Sedona Price, a graduate student in Kriek’s lab, explains why they are looking nine billion years back in time to study these particular galaxies. “Cosmologically, this time period was very interesting”—stars were rapidly forming within galaxies and galactic structures were changing quickly, supporting the idea that star formation is one of the forces shaping galaxies, she said. “It seems that if you take a star-forming disk and you shut off star formation you can destroy [its] disk structure—you can morph a spiral galaxy into an elliptical galaxy. But how does that happen?” Answering this and other questions requires astronomers to observe hundreds of galaxies as they form, and thus the MOSDEF survey project was born.

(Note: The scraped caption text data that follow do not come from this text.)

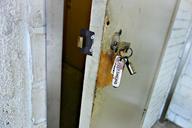 key-lock-door-open-bunch-of-keys-1462343.jpg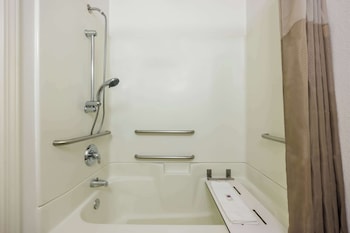 Standard Room, 2 Queen Beds, Accessible, Non Smoking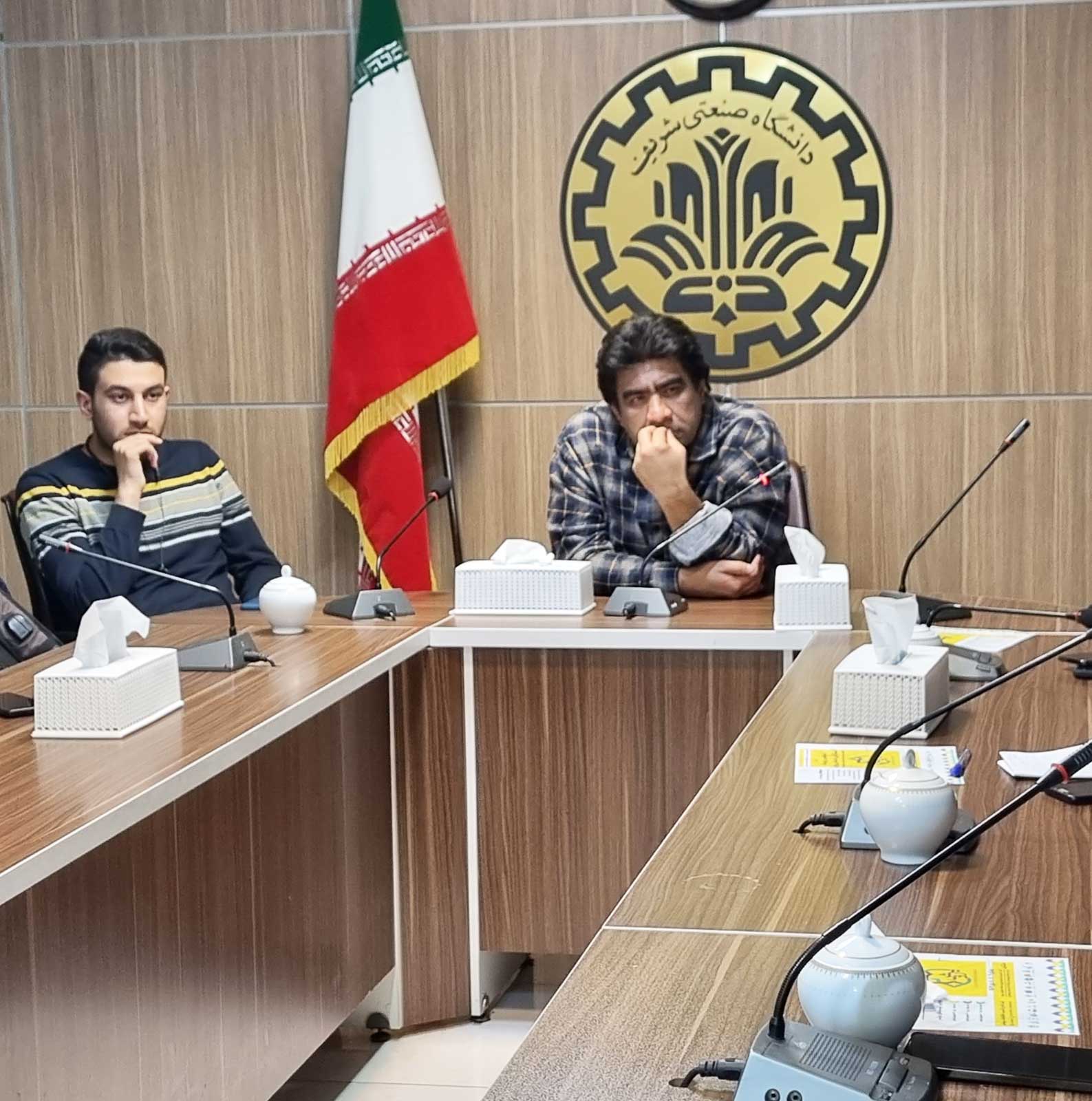 عمو اکبر در دومین نشست «با کارآفرینان اجتماعی» از جمعیت طلوع بی‌نشان‌ها گفت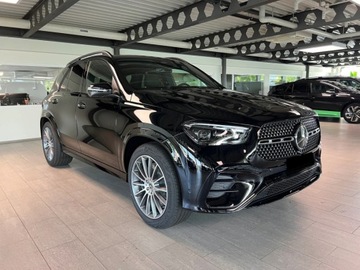 Mercedes GLE V167 SUV Facelifting 2.0 300d 269KM 2025 MERCEDES-BENZ GLE 300 d 4-Matic AMG Line 2.0 (269KM) 2025, zdjęcie 3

MOSDEF researchers worked together to collect over 50 nights’ worth of astronomical data using the Keck I telescope. That may not sound like a long time to watch the skies, but due to the extraordinarily high demand for telescope time, it’s not only tough for astronomers to reserve the instrument for more than a few nights per year, it’s expensive: a single night of observation carries a $100,000 price tag. By pooling the resources of several universities, Kriek and her colleagues were able to gather far more data than they could have individually.
But what information, exactly, is the Keck I gathering? Kriek explains that the Keck I telescope isn’t just taking photos using visible light wavelengths—it also detects a whole range of electromagnetic wavelengths, which are vital for observing distant objects. The Keck I “looks at light that has been traveling for billions of years,” she says. “In this time, the universe has been expanding—and so have the photons. The light has traveled so far and expanded so much, [it has] been shifted into different wavelengths such as infrared. [The Keck I telescope] can pick up those wavelengths, and that allows us a whole new view of the universe.”

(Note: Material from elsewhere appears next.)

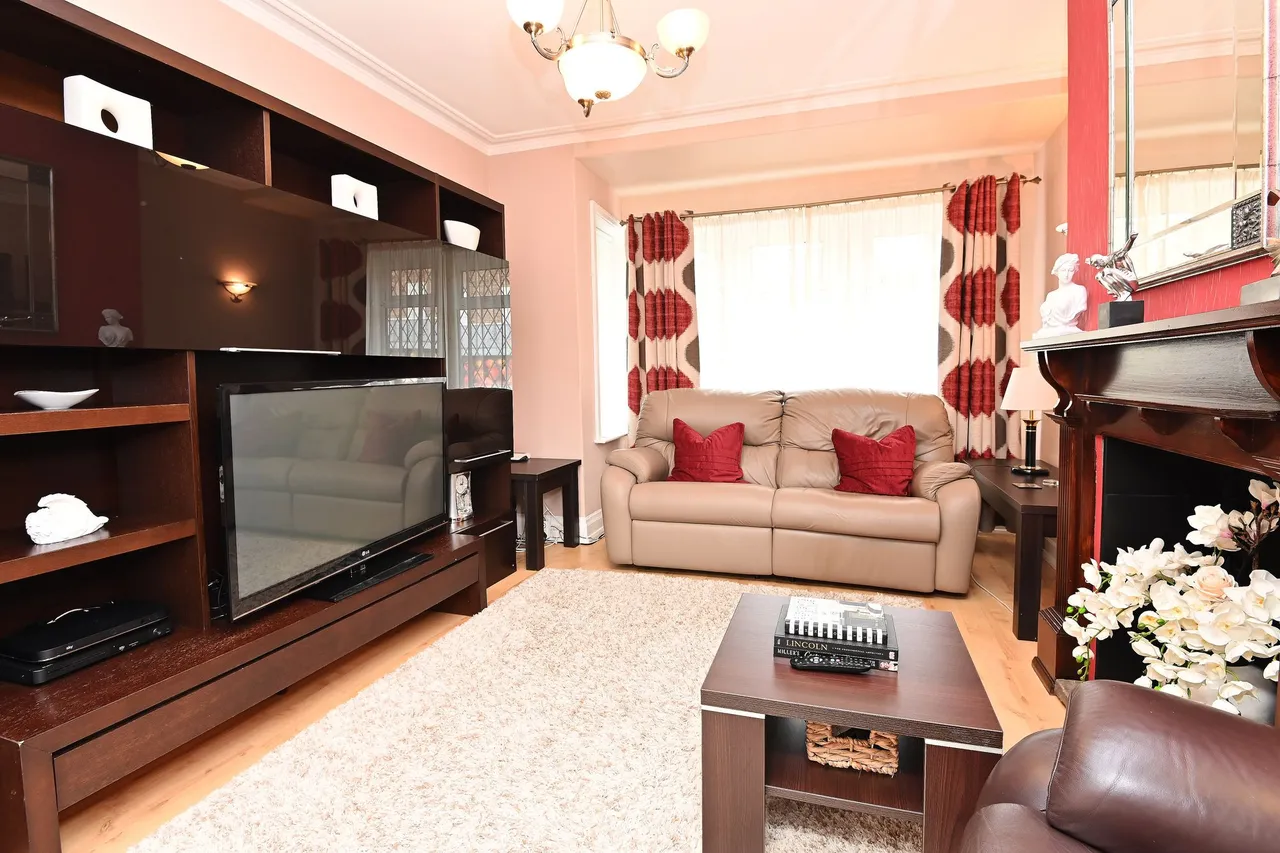 King Edwards Drive, Harrogate, HG1, photo 2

By comparing the data gathered from the Keck I telescope with data from other sources, including the Hubble Space Telescope, astronomers from the MOSDEF survey are learning more about the stars, gases, black holes, and other celestial objects that make up galaxies. This mountain of observational data allows researchers like Price to estimate galactic parameters, such as mass, to understand why galaxies are shaped as they are. “Galaxies forming stars nine billion years ago were not nice organized spiral galaxies, they were train wrecks! By looking at rotational versus random motion, you can tell how the mass is distributed, and … how disk shapes first formed,” she explains.

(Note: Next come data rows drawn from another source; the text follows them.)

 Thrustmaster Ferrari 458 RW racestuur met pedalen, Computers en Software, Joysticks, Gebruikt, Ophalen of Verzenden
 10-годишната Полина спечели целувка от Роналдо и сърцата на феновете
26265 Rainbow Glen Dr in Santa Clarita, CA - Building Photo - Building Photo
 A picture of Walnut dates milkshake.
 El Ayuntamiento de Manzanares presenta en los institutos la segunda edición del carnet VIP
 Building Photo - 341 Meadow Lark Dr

The MOSDEF collaboration has already begun to pay dividends: the survey has resulted in ten publications in 2016 alone, even before the final observations were collected in May. Now that the full data set has been assembled, researchers like Kriek and Price can begin the challenge of processing the massive volume of information and see what the universe has to tell us. Price is optimistic: “I’m looking forward to analyzing the full set of data. I think there are still surprises to be had.”